The response envelope should be executable by an agent and readable by a human without translation.

{
  "request_id": "req_123",
  "task": "boot a preview and run a smoke check",
  "workload": "preview",
  "providers": [
    {
      "name": "vercel",
      "status": "viable",
      "score": 0.862,
      "estimated_cost_usd": 0.123
    }
  ],
  "decision": {
    "recommended_provider": "vercel",
    "confidence": "high",
    "primary_reason": "Vercel Sandbox is the best fit for short preview-style execution right now.",
    "secondary_reasons": [
      "Supports preview-style execution cleanly",
      "Available for live routing through Cerver today"
    ],
    "fallback_order": ["cloudflare"],
    "canary_run": false
  },
  "human_summary": {
    "headline": "Route this task through Vercel Sandbox.",
    "next_action": "Start a session on Vercel Sandbox and keep Cloudflare available."
  }
}

Session metrics response

{
  "session_id": "ses_123",
  "provider": "vercel",
  "status": "idle",
  "routing": {
    "recommended_provider": "vercel",
    "confidence": "high"
  },
  "metrics": {
    "provision_time_ms": 820,
    "time_to_first_exec_ms": 1110,
    "last_exec_latency_ms": 920,
    "average_exec_latency_ms": 980,
    "average_stream_open_latency_ms": 350,
    "total_exec_count": 3,
    "total_stream_count": 1,
    "interaction_count": 4,
    "session_length_ms": 440000,
    "cost_estimate_usd": 0.071,
    "uptime_percent": 99.3,
    "predicted_startup_ms": 820,
    "engagement_score": 0.61,
    "engagement_label": "engaged"
  }
}

Gateway endpoints

POST /gateway/recommend Ask Cerver to pick a provider Use when the agent wants a recommendation before opening a session.
POST /gateway/sessions Open one logical execution session Use when the agent is ready to start work through the gateway.
POST /gateway/sessions/:id/input Store chat or task input Use to append user, assistant, or system messages into the gateway transcript.
POST /gateway/sessions/:id/run Execute without streaming Use when the agent wants a JSON result wrapper with duration and metrics.
POST /gateway/sessions/:id/run/stream Execute and stream output Use when the agent wants one stream regardless of which provider wins.
GET /gateway/sessions/:id/metrics Read provider and latency data Use to explain what happened and decide whether policy should change.
GET /gateway/sessions/:id Read the session record Use to inspect routing, transcript, events, and fresh metrics together.
DELETE /gateway/sessions/:id Terminate the logical session Use to clean up both the gateway record and the backing sandbox.
POST /gateway/stress-tests Compare providers under the same workload Use to benchmark cold starts, streaming, long jobs, and recovery behavior.

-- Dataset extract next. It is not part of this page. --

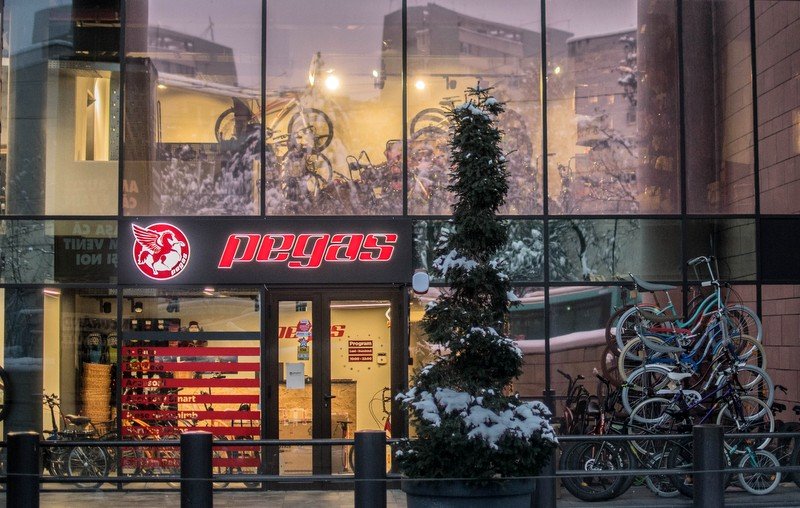 Pegas a inaugurat, la  Iulius Mall Cluj, cel mai mare magazin din ţară al brandului şi primul din regiunea de nord-vest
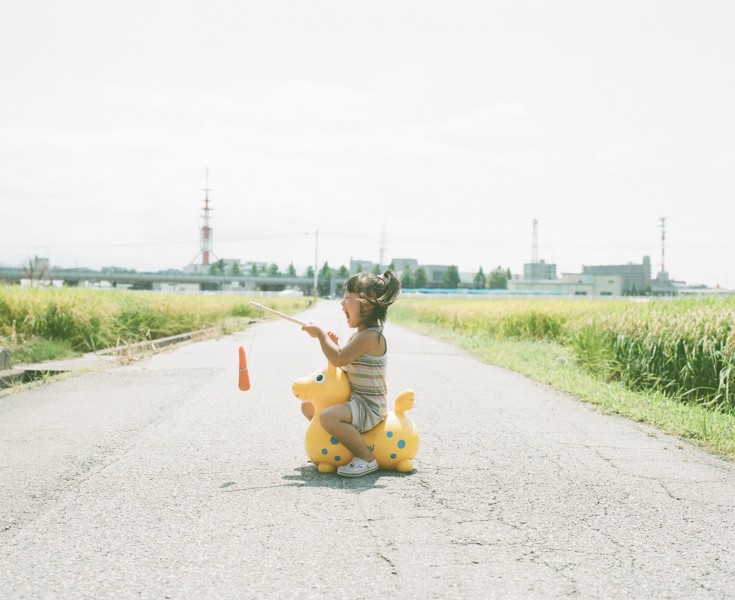 日本超萌小女孩公路攝影圖片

When to benchmark instead of guessing

  • When a repo is new and Cerver has little history for it.
  • When the run is expensive or important enough to justify a canary.
  • When providers have changed in speed, health, or cost.
  • When the team wants a repeatable comparison report across vendors.

Kinds supported now

The current gateway understands cold_start, stream_response, package_install, preview_launch, and long_session.

Stress-test request

{
  "kind": "cold_start",
  "workload": "preview",
  "providers": ["vercel", "cloudflare", "e2b"],
  "sample_size": 12,
  "requirements": {
    "runtime": "node",
    "public_preview": true,
    "timeout_minutes": 15
  },
  "policy": {
    "mode": "balanced"
  }
}

Stress-test result

{
  "testId": "test_123",
  "kind": "cold_start",
  "workload": "preview",
  "sampleSize": 12,
  "winner": "vercel",
  "summary": "Vercel Sandbox is the strongest cold start candidate.",
  "report": {
    "headline": "Vercel Sandbox is the strongest cold start candidate.",
    "guidance": "Across 12 simulated runs, Vercel Sandbox shows the best mix of startup time, cost, and availability.",
    "next_policy": "Route preview runs to vercel first, then fall back to cloudflare, e2b."
  }
}
Current implementation: stress tests are simulated from provider baselines and recommendation scores today. They are not yet live multi-provider canaries.